> _Task_
All lines below are to be output exactly as they stand.

======

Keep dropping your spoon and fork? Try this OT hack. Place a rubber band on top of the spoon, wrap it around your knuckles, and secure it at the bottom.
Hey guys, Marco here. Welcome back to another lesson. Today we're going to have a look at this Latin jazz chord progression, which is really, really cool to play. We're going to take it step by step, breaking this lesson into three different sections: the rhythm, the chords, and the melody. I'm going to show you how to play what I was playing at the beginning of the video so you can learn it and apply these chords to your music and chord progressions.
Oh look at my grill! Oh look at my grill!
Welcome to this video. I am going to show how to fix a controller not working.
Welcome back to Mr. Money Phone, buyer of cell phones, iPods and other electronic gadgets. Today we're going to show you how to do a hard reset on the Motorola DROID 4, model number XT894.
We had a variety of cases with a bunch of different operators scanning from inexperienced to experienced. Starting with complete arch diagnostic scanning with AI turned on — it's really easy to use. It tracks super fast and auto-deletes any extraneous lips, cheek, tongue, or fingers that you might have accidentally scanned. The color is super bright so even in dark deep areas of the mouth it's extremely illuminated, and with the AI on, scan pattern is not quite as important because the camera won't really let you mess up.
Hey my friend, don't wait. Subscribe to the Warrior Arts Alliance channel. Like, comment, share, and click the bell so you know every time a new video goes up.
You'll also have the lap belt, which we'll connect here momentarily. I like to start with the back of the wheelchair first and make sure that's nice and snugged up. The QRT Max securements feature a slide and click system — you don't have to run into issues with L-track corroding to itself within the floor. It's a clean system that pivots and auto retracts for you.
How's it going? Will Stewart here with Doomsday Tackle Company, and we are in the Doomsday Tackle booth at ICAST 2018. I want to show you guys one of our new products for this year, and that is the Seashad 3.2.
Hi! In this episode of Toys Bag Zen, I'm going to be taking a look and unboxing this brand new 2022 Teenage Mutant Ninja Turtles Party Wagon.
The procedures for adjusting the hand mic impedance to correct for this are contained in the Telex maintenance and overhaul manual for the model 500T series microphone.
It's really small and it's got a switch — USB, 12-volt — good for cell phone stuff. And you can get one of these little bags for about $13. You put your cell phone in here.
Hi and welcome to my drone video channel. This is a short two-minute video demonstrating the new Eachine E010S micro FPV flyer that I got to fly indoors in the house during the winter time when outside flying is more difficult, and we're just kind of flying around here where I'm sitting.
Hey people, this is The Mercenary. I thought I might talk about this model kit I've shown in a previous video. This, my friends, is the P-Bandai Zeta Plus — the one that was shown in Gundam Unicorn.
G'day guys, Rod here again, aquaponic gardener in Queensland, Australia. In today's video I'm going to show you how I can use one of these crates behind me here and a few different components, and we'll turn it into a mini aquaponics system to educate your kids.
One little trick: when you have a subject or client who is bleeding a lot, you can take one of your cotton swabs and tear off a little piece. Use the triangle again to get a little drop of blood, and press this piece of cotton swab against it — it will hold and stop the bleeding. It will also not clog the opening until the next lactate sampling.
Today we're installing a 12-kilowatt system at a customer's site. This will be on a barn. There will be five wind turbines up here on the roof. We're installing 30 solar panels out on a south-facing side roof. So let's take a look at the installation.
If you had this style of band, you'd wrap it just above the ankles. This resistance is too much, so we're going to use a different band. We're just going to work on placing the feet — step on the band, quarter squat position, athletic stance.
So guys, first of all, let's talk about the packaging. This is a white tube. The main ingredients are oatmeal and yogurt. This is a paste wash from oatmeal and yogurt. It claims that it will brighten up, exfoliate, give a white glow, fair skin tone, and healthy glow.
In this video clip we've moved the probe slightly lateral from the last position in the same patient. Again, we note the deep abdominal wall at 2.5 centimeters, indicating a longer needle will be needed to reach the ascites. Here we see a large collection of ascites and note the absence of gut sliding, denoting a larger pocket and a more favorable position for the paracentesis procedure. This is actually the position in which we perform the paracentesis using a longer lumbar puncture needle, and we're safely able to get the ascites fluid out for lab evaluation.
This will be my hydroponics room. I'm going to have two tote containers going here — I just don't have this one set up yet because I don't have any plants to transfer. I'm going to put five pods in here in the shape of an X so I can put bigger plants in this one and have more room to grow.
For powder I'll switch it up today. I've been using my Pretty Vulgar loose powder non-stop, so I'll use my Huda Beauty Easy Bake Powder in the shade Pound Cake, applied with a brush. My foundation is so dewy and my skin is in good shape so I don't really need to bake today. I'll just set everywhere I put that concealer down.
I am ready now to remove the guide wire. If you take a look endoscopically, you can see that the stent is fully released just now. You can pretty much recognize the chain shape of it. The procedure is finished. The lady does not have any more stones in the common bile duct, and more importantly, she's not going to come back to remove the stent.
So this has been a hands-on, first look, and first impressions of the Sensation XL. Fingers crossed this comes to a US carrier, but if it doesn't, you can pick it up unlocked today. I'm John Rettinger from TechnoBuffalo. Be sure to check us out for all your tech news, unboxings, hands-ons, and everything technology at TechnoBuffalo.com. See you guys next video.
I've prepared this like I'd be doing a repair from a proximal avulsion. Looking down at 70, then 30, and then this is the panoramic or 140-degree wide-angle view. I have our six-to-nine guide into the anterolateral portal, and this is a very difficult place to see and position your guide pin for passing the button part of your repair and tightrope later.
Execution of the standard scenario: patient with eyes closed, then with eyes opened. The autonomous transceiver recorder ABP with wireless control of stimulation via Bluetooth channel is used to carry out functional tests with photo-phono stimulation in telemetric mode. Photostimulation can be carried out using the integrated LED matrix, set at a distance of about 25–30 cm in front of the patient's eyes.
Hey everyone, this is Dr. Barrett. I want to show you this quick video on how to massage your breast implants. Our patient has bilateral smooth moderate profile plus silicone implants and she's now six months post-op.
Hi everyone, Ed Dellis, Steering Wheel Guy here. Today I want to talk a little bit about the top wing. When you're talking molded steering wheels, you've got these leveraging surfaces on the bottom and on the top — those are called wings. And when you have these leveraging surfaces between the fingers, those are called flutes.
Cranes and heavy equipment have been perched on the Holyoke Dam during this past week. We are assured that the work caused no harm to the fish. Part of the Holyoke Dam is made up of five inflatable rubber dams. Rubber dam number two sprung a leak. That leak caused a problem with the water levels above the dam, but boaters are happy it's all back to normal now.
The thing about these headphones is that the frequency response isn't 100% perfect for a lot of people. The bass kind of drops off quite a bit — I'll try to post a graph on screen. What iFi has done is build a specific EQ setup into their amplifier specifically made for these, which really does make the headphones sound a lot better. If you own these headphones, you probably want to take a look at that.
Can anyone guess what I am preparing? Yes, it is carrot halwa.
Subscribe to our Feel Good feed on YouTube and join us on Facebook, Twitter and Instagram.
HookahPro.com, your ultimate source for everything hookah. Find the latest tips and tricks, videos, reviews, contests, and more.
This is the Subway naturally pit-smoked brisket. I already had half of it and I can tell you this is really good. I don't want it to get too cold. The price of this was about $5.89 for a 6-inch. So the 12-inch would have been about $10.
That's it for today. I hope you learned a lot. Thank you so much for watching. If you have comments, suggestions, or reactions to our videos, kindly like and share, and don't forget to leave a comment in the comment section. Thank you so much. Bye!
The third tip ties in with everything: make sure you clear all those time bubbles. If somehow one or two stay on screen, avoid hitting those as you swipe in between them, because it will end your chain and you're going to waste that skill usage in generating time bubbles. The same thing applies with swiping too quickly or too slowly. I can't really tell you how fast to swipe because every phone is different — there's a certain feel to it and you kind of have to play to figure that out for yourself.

======

> _Answer to the problem_
Keep dropping your spoon and fork? Try this OT hack. Place a rubber band on top of the spoon, wrap it around your knuckles, and secure it at the bottom.
Hey guys, Marco here. Welcome back to another lesson. Today we're going to have a look at this Latin jazz chord progression, which is really, really cool to play. We're going to take it step by step, breaking this lesson into three different sections: the rhythm, the chords, and the melody. I'm going to show you how to play what I was playing at the beginning of the video so you can learn it and apply these chords to your music and chord progressions.
Oh look at my grill! Oh look at my grill!
Welcome to this video. I am going to show how to fix a controller not working.
Welcome back to Mr. Money Phone, buyer of cell phones, iPods and other electronic gadgets. Today we're going to show you how to do a hard reset on the Motorola DROID 4, model number XT894.
We had a variety of cases with a bunch of different operators scanning from inexperienced to experienced. Starting with complete arch diagnostic scanning with AI turned on — it's really easy to use. It tracks super fast and auto-deletes any extraneous lips, cheek, tongue, or fingers that you might have accidentally scanned. The color is super bright so even in dark deep areas of the mouth it's extremely illuminated, and with the AI on, scan pattern is not quite as important because the camera won't really let you mess up.
Hey my friend, don't wait. Subscribe to the Warrior Arts Alliance channel. Like, comment, share, and click the bell so you know every time a new video goes up.
You'll also have the lap belt, which we'll connect here momentarily. I like to start with the back of the wheelchair first and make sure that's nice and snugged up. The QRT Max securements feature a slide and click system — you don't have to run into issues with L-track corroding to itself within the floor. It's a clean system that pivots and auto retracts for you.
How's it going? Will Stewart here with Doomsday Tackle Company, and we are in the Doomsday Tackle booth at ICAST 2018. I want to show you guys one of our new products for this year, and that is the Seashad 3.2.
Hi! In this episode of Toys Bag Zen, I'm going to be taking a look and unboxing this brand new 2022 Teenage Mutant Ninja Turtles Party Wagon.
The procedures for adjusting the hand mic impedance to correct for this are contained in the Telex maintenance and overhaul manual for the model 500T series microphone.
It's really small and it's got a switch — USB, 12-volt — good for cell phone stuff. And you can get one of these little bags for about $13. You put your cell phone in here.
Hi and welcome to my drone video channel. This is a short two-minute video demonstrating the new Eachine E010S micro FPV flyer that I got to fly indoors in the house during the winter time when outside flying is more difficult, and we're just kind of flying around here where I'm sitting.
Hey people, this is The Mercenary. I thought I might talk about this model kit I've shown in a previous video. This, my friends, is the P-Bandai Zeta Plus — the one that was shown in Gundam Unicorn.
G'day guys, Rod here again, aquaponic gardener in Queensland, Australia. In today's video I'm going to show you how I can use one of these crates behind me here and a few different components, and we'll turn it into a mini aquaponics system to educate your kids.
One little trick: when you have a subject or client who is bleeding a lot, you can take one of your cotton swabs and tear off a little piece. Use the triangle again to get a little drop of blood, and press this piece of cotton swab against it — it will hold and stop the bleeding. It will also not clog the opening until the next lactate sampling.
Today we're installing a 12-kilowatt system at a customer's site. This will be on a barn. There will be five wind turbines up here on the roof. We're installing 30 solar panels out on a south-facing side roof. So let's take a look at the installation.
If you had this style of band, you'd wrap it just above the ankles. This resistance is too much, so we're going to use a different band. We're just going to work on placing the feet — step on the band, quarter squat position, athletic stance.
So guys, first of all, let's talk about the packaging. This is a white tube. The main ingredients are oatmeal and yogurt. This is a paste wash from oatmeal and yogurt. It claims that it will brighten up, exfoliate, give a white glow, fair skin tone, and healthy glow.
In this video clip we've moved the probe slightly lateral from the last position in the same patient. Again, we note the deep abdominal wall at 2.5 centimeters, indicating a longer needle will be needed to reach the ascites. Here we see a large collection of ascites and note the absence of gut sliding, denoting a larger pocket and a more favorable position for the paracentesis procedure. This is actually the position in which we perform the paracentesis using a longer lumbar puncture needle, and we're safely able to get the ascites fluid out for lab evaluation.
This will be my hydroponics room. I'm going to have two tote containers going here — I just don't have this one set up yet because I don't have any plants to transfer. I'm going to put five pods in here in the shape of an X so I can put bigger plants in this one and have more room to grow.
For powder I'll switch it up today. I've been using my Pretty Vulgar loose powder non-stop, so I'll use my Huda Beauty Easy Bake Powder in the shade Pound Cake, applied with a brush. My foundation is so dewy and my skin is in good shape so I don't really need to bake today. I'll just set everywhere I put that concealer down.
I am ready now to remove the guide wire. If you take a look endoscopically, you can see that the stent is fully released just now. You can pretty much recognize the chain shape of it. The procedure is finished. The lady does not have any more stones in the common bile duct, and more importantly, she's not going to come back to remove the stent.
So this has been a hands-on, first look, and first impressions of the Sensation XL. Fingers crossed this comes to a US carrier, but if it doesn't, you can pick it up unlocked today. I'm John Rettinger from TechnoBuffalo. Be sure to check us out for all your tech news, unboxings, hands-ons, and everything technology at TechnoBuffalo.com. See you guys next video.
I've prepared this like I'd be doing a repair from a proximal avulsion. Looking down at 70, then 30, and then this is the panoramic or 140-degree wide-angle view. I have our six-to-nine guide into the anterolateral portal, and this is a very difficult place to see and position your guide pin for passing the button part of your repair and tightrope later.
Execution of the standard scenario: patient with eyes closed, then with eyes opened. The autonomous transceiver recorder ABP with wireless control of stimulation via Bluetooth channel is used to carry out functional tests with photo-phono stimulation in telemetric mode. Photostimulation can be carried out using the integrated LED matrix, set at a distance of about 25–30 cm in front of the patient's eyes.
Hey everyone, this is Dr. Barrett. I want to show you this quick video on how to massage your breast implants. Our patient has bilateral smooth moderate profile plus silicone implants and she's now six months post-op.
Hi everyone, Ed Dellis, Steering Wheel Guy here. Today I want to talk a little bit about the top wing. When you're talking molded steering wheels, you've got these leveraging surfaces on the bottom and on the top — those are called wings. And when you have these leveraging surfaces between the fingers, those are called flutes.
Cranes and heavy equipment have been perched on the Holyoke Dam during this past week. We are assured that the work caused no harm to the fish. Part of the Holyoke Dam is made up of five inflatable rubber dams. Rubber dam number two sprung a leak. That leak caused a problem with the water levels above the dam, but boaters are happy it's all back to normal now.
The thing about these headphones is that the frequency response isn't 100% perfect for a lot of people. The bass kind of drops off quite a bit — I'll try to post a graph on screen. What iFi has done is build a specific EQ setup into their amplifier specifically made for these, which really does make the headphones sound a lot better. If you own these headphones, you probably want to take a look at that.
Can anyone guess what I am preparing? Yes, it is carrot halwa.
Subscribe to our Feel Good feed on YouTube and join us on Facebook, Twitter and Instagram.
HookahPro.com, your ultimate source for everything hookah. Find the latest tips and tricks, videos, reviews, contests, and more.
This is the Subway naturally pit-smoked brisket. I already had half of it and I can tell you this is really good. I don't want it to get too cold. The price of this was about $5.89 for a 6-inch. So the 12-inch would have been about $10.
That's it for today. I hope you learned a lot. Thank you so much for watching. If you have comments, suggestions, or reactions to our videos, kindly like and share, and don't forget to leave a comment in the comment section. Thank you so much. Bye!
The third tip ties in with everything: make sure you clear all those time bubbles. If somehow one or two stay on screen, avoid hitting those as you swipe in between them, because it will end your chain and you're going to waste that skill usage in generating time bubbles. The same thing applies with swiping too quickly or too slowly. I can't really tell you how fast to swipe because every phone is different — there's a certain feel to it and you kind of have to play to figure that out for yourself.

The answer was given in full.